For each measured variable, we created a n×n distance matrix, where n is the number of datapoints. Each value in the matrix, dij, is a measure of the distance between the ith and jth data values (xi and xj). We used standard Euclidean distances to calculate dij. For a single variable (such as geography and desat-2 locus allele frequency), dij= abs (xi– xj). For distance matrices that include multiple variables, (morphological distances, courtship distances, and combined trait distances) inline image, where v represents each included variable. Before distances with multiple variables were calculated we standardized the variables using NTSYSpc 2.20 software (Rohlf 2004).
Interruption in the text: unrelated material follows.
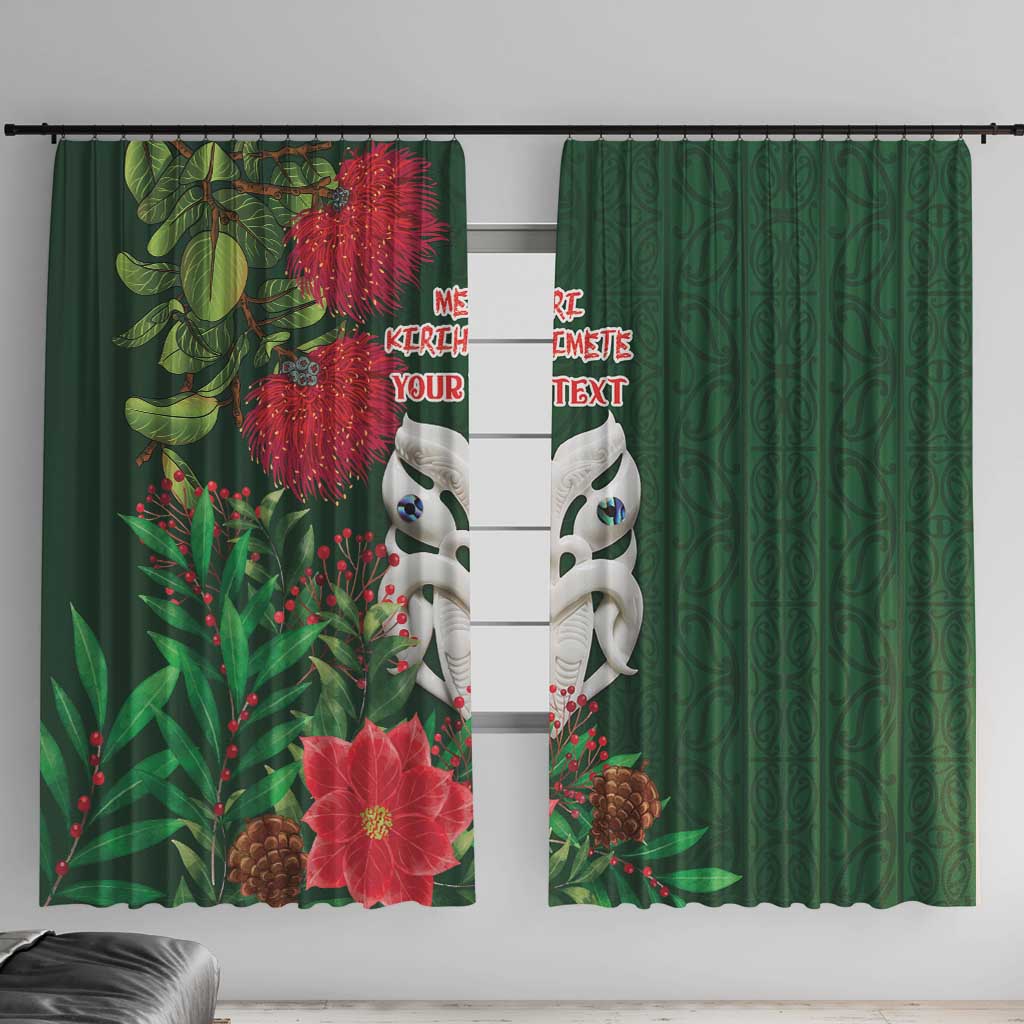 Maori Wheku Meri Kirihimete Personalised Window Curtain All Green Indigenous Maori Motif LT9 With Hooks Green - Polynesian Pride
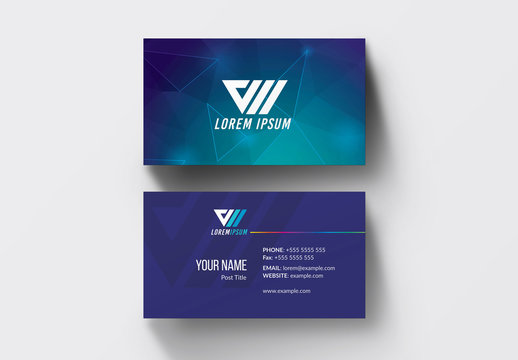 Dark Blue Business Card Layout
All distance matrices were created using PASSAGE software (Rosenberg 2004).

Spatial correlograms

We used a correlogram to describe the average spatial autocorrelation between pairwise localities as a function of their geographical distance (e.g., Sokal and Oden 1978a,b; Epperson 2003). Location pairs were grouped into different distance classes and the average correlation for each distance class was determined using PASSAGE (Rosenberg 2004). We used Moran's I coefficient that ranges from −1 to + 1. Ten distance classes were created based on the geographical distance matrix by assuming an equal number of location pairs per distance class. Our connection matrix assumed that all location pairs within a certain distance range are connected and all others are not (binary weight matrix; a Gabriel connection gave same results). We used PASSAGE (Rosenberg 2004) to determine the significance of individual autocorrelation coefficients and the entire correlogram. Linear clines are revealed when short distance classes show positive Moran's I and long-distance classes show negative Moran's I (Sokal and Oden 1978a,b; Sokal 1979a; Sokal et al. 1987; Barbujani 2000; see Epperson 2003 for further details).

Design matrices

We created design matrices to test explicit hypotheses about the relationship between geography and phenotypic variation. A design matrix describes the relative distances among populations expected under a particular geographical hypothesis (Waddle et al. 1998). To construct a design matrix we used a binary assignment of distances of 0s and 1s, where 0 means relatively short distance and 1 means relatively long distance (for an example, see Appendix Fig. A1). We developed six design matrices with specific geographical delimitations across the US–Caribbean region (Appendix Fig. A2). A significant correlation between the design matrix and the actual phenotypic distance matrix indicates that phenotypic differentiation is described well by a particular geographical clustering of localities in the design matrix.

Mantel tests

Correlations between different distance matrices were calculated using the standard Mantel test of matrix correlation using PASSAGE (Sokal 1979b; see Epperson 2003). We tested the significance of the correlation by permuting the rows and columns of one of the matrices 499 times and comparing observed to permuted correlations (Rosenberg 2004). We also used a partial Mantel test, which tests the correlation between two matrices, while holding the third constant (Smouse et al. 1986; Epperson 2003; but see Castellano and Balletto 2002; Rousset 2002).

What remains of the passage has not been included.